== Problem ==
A faithful, word-for-word copy of the data below is required, without pictures.

== Dataset extract ==

◇ ◇ ◇ ◇ ◇

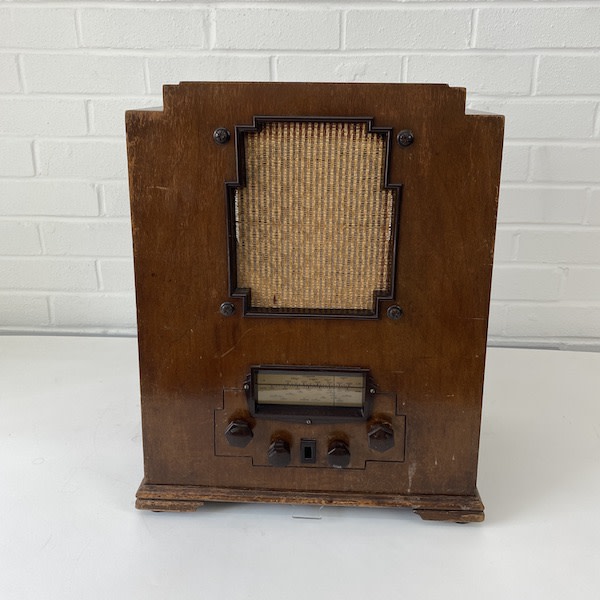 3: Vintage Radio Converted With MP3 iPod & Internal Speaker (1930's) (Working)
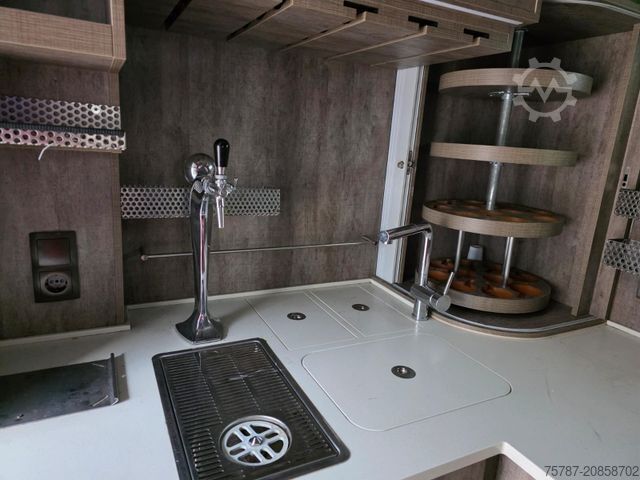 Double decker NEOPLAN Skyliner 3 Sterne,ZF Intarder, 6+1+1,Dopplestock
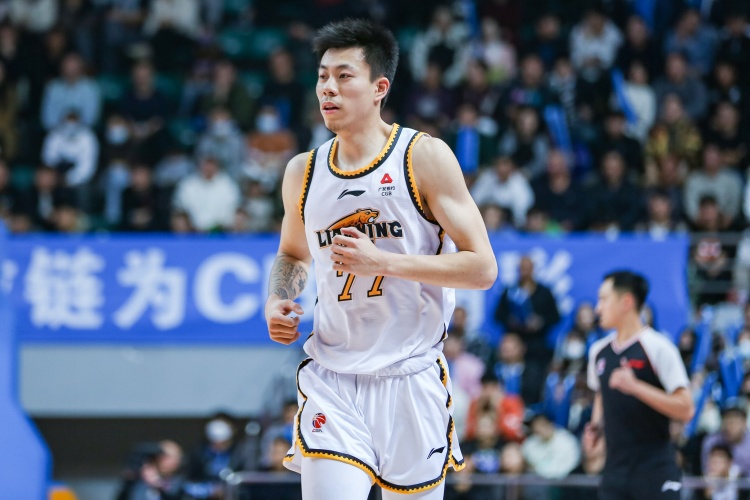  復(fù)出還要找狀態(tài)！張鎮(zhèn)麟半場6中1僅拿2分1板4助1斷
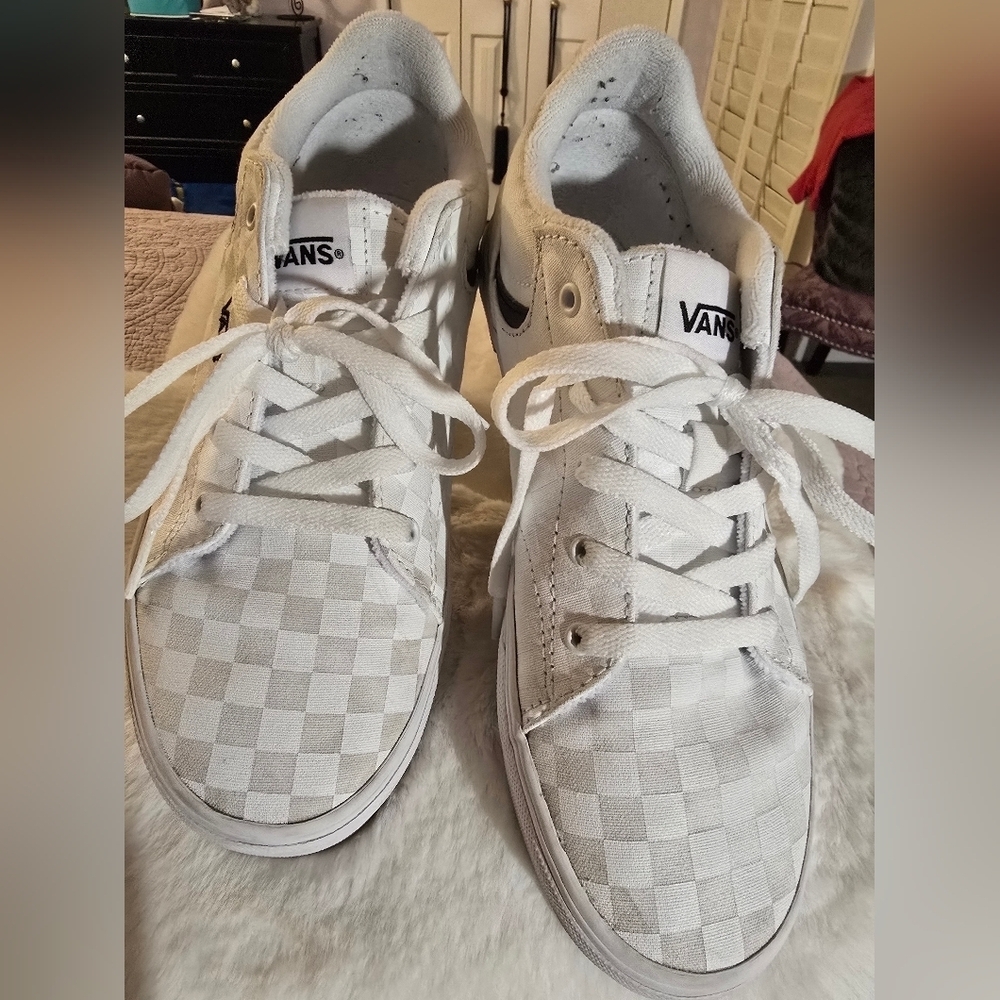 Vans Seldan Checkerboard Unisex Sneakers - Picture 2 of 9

◇ ◇ ◇ ◇ ◇

== Task solution ==
 3: Vintage Radio Converted With MP3 iPod & Internal Speaker (1930's) (Working)
 Double decker NEOPLAN Skyliner 3 Sterne,ZF Intarder, 6+1+1,Dopplestock
  復(fù)出還要找狀態(tài)！張鎮(zhèn)麟半場6中1僅拿2分1板4助1斷
 Vans Seldan Checkerboard Unisex Sneakers - Picture 2 of 9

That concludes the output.